Your reply is to be the lines below, exactly as written, with images omitted.

######

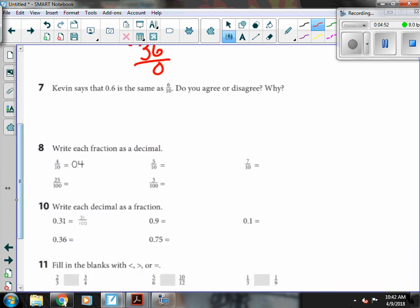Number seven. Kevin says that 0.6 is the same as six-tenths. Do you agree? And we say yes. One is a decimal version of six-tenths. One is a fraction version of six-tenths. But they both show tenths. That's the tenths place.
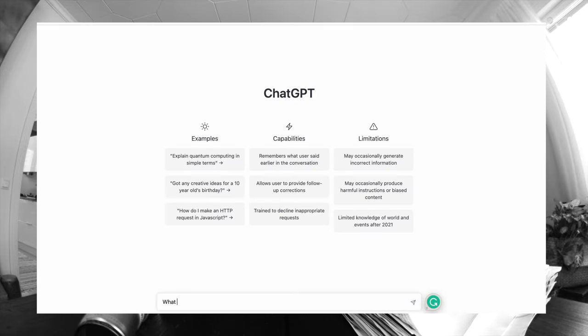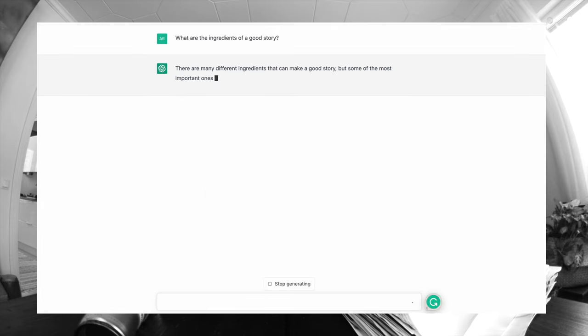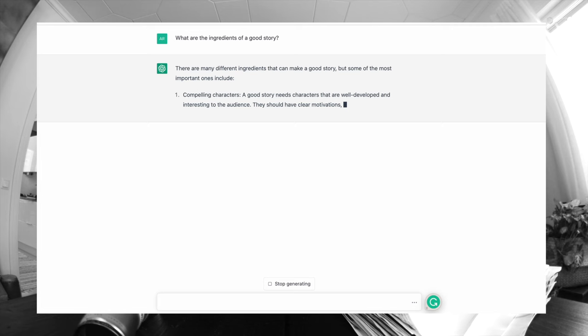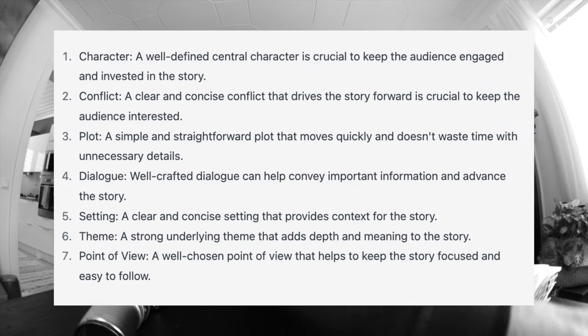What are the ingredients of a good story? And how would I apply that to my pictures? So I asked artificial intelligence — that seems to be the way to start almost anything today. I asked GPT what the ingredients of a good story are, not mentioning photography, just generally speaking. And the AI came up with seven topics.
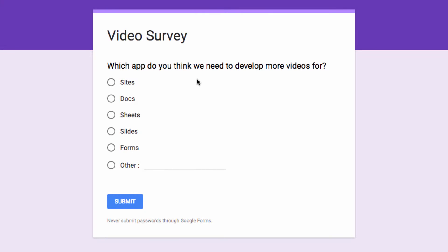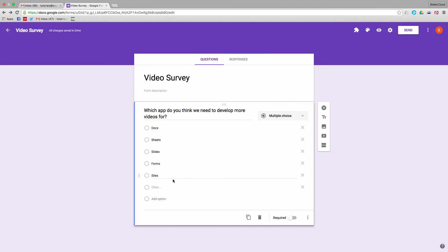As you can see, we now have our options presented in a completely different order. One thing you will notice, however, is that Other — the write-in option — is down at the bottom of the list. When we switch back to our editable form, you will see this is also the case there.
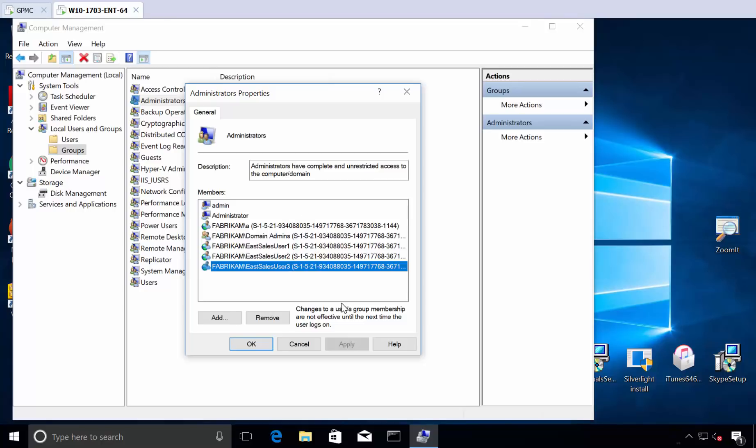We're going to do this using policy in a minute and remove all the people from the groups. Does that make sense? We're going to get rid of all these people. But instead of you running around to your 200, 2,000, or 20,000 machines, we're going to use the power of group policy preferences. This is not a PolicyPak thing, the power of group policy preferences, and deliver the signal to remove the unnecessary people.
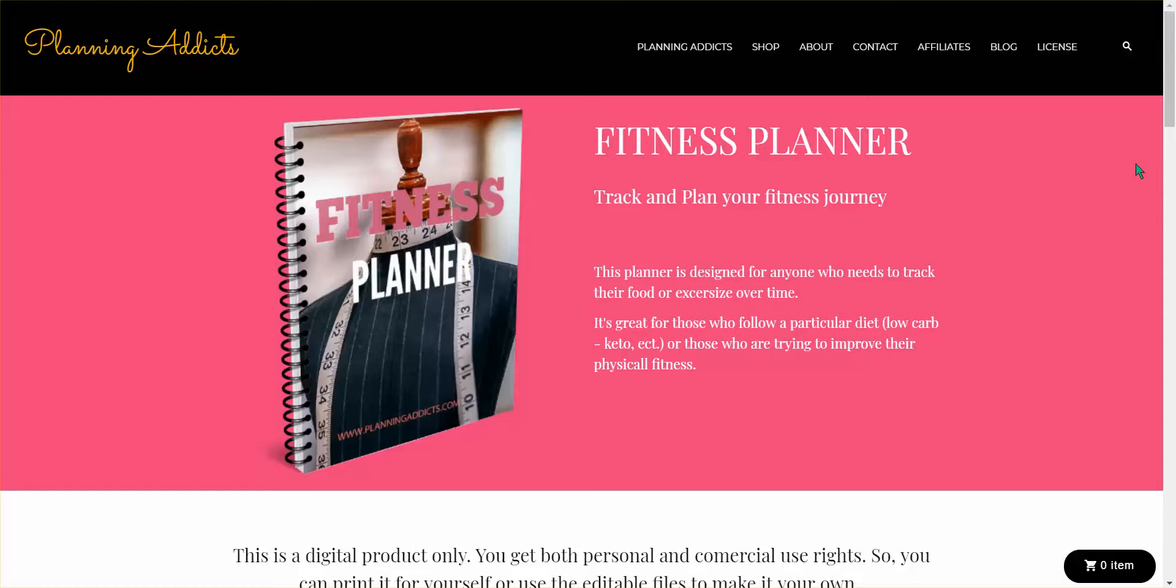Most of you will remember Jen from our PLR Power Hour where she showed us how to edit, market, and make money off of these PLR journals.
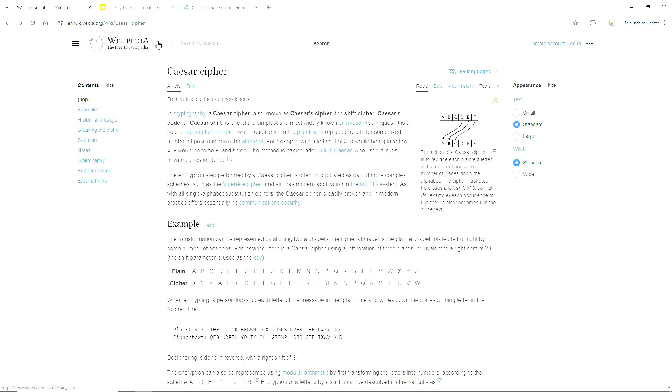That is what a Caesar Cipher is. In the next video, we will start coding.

######

**Result for this task:**
Number seven. Kevin says that 0.6 is the same as six-tenths. Do you agree? And we say yes. One is a decimal version of six-tenths. One is a fraction version of six-tenths. But they both show tenths. That's the tenths place.
What are the ingredients of a good story? And how would I apply that to my pictures? So I asked artificial intelligence — that seems to be the way to start almost anything today. I asked GPT what the ingredients of a good story are, not mentioning photography, just generally speaking. And the AI came up with seven topics.
As you can see, we now have our options presented in a completely different order. One thing you will notice, however, is that Other — the write-in option — is down at the bottom of the list. When we switch back to our editable form, you will see this is also the case there.
We're going to do this using policy in a minute and remove all the people from the groups. Does that make sense? We're going to get rid of all these people. But instead of you running around to your 200, 2,000, or 20,000 machines, we're going to use the power of group policy preferences. This is not a PolicyPak thing, the power of group policy preferences, and deliver the signal to remove the unnecessary people.
Most of you will remember Jen from our PLR Power Hour where she showed us how to edit, market, and make money off of these PLR journals.
That is what a Caesar Cipher is. In the next video, we will start coding.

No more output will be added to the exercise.